C'est la première décision que prend une entreprise qui se met en ligne, et souvent la moins réfléchie. On prend ce que le prestataire propose, ou ce qui est libre. Deux ans plus tard, on découvre que ce choix influence la confiance des clients, le référencement, et la capacité à vendre au-delà des frontières.
Il n'y a pas de bonne réponse universelle. Il y a une réponse qui dépend de votre marché réel — pas de votre marché rêvé.

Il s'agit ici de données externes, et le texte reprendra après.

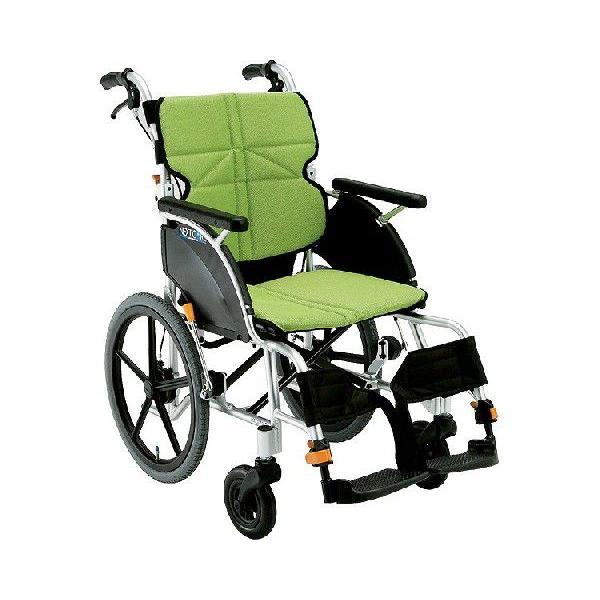 法人宛】ネクストコア 介助用車いす NEXT-21B 松永製作所 │ アルミ  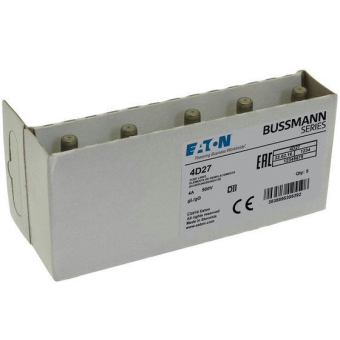 4D27 предохранитель Bussmann 500VAC 4.0A, GG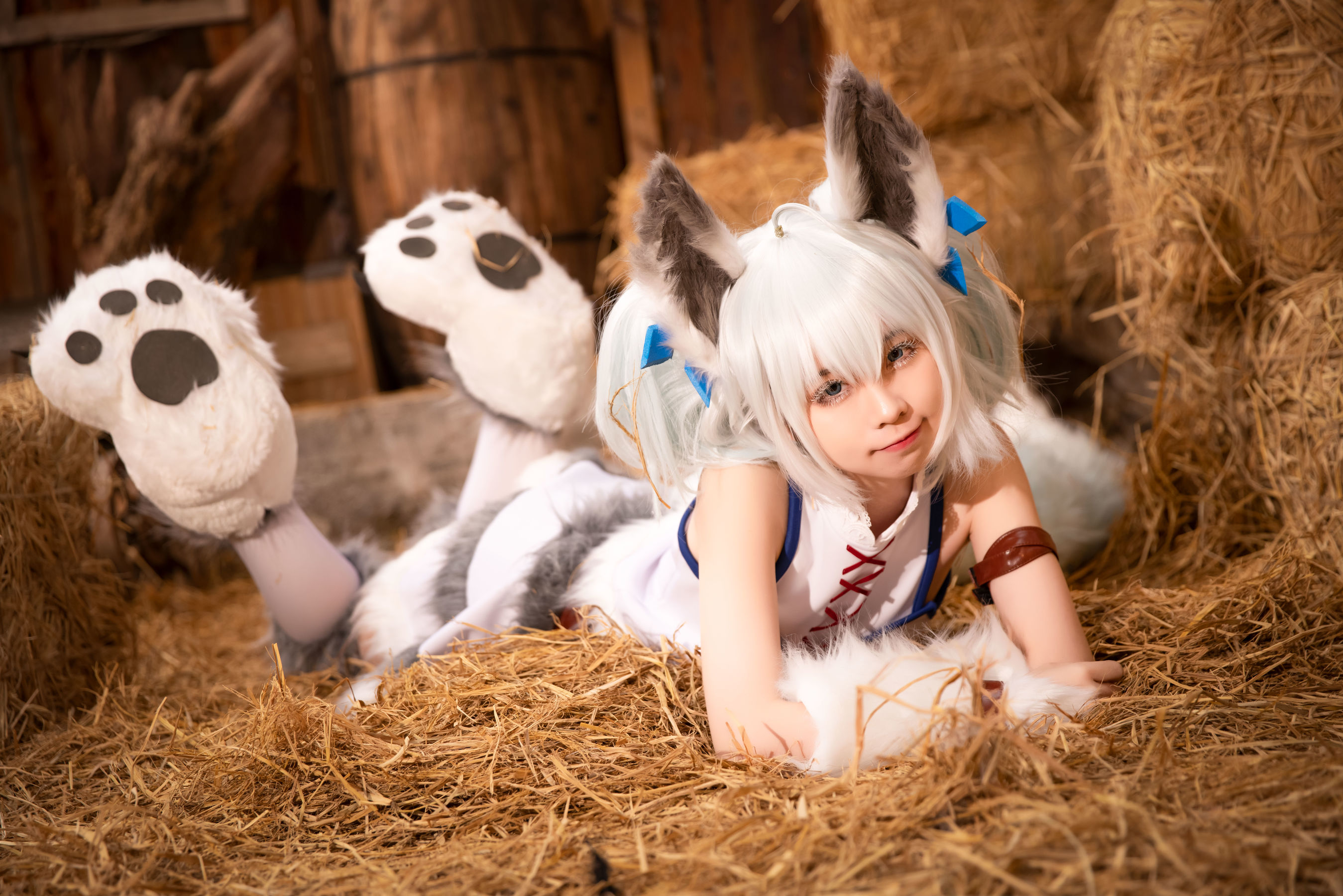 动漫博主G44不会受伤 - 地牢刹那常服-图22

Ce que chaque extension dit de vous
Un nom de domaine n'est pas qu'une adresse technique. C'est le premier élément de crédibilité que voit un prospect, souvent avant même votre site.
.cm | .com | |
|---|---|---|
| Message envoyé | « Nous sommes une entreprise camerounaise » | « Nous sommes une entreprise » |
| Ciblage Google | Signal géographique fort vers le Cameroun | Neutre, mondial |
| Disponibilité | Très bonne (~33 000 domaines enregistrés) | Faible sur les noms courts |
| Enregistrement | Administratif, RCCM + patente requis | Automatique, en ligne, quelques minutes |
| Reconnaissance | Immédiate au Cameroun, faible ailleurs | Universelle |
| Dictée au téléphone | Parfois confondu avec « .com » | Sans ambiguïté |
Le vrai critère : où sont vos clients qui paient ?
Oubliez un instant le prix et la disponibilité. Posez-vous une seule question : d'où vient l'argent ?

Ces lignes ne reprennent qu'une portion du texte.